Material for the task:
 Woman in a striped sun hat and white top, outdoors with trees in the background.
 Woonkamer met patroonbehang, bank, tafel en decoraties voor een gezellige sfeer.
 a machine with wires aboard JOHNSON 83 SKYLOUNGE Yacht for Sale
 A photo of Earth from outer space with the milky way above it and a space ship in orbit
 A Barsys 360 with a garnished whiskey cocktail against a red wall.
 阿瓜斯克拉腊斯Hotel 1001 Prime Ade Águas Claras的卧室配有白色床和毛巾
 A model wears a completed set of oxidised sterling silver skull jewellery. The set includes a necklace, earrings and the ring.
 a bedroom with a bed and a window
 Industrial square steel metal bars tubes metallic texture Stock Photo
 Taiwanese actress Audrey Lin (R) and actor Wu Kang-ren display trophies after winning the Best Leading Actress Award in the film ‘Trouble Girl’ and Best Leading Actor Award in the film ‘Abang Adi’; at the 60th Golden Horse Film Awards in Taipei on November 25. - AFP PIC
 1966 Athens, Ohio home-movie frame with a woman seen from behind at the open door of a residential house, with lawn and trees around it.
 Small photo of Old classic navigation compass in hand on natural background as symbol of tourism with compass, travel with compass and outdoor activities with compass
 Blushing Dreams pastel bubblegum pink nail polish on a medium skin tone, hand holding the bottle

Problem: Search the material above for the string "with", and copy every line in which it turns up.

Task response:
 Woman in a striped sun hat and white top, outdoors with trees in the background.
 a machine with wires aboard JOHNSON 83 SKYLOUNGE Yacht for Sale
 A photo of Earth from outer space with the milky way above it and a space ship in orbit
 A Barsys 360 with a garnished whiskey cocktail against a red wall.
 a bedroom with a bed and a window
 1966 Athens, Ohio home-movie frame with a woman seen from behind at the open door of a residential house, with lawn and trees around it.
 Small photo of Old classic navigation compass in hand on natural background as symbol of tourism with compass, travel with compass and outdoor activities with compass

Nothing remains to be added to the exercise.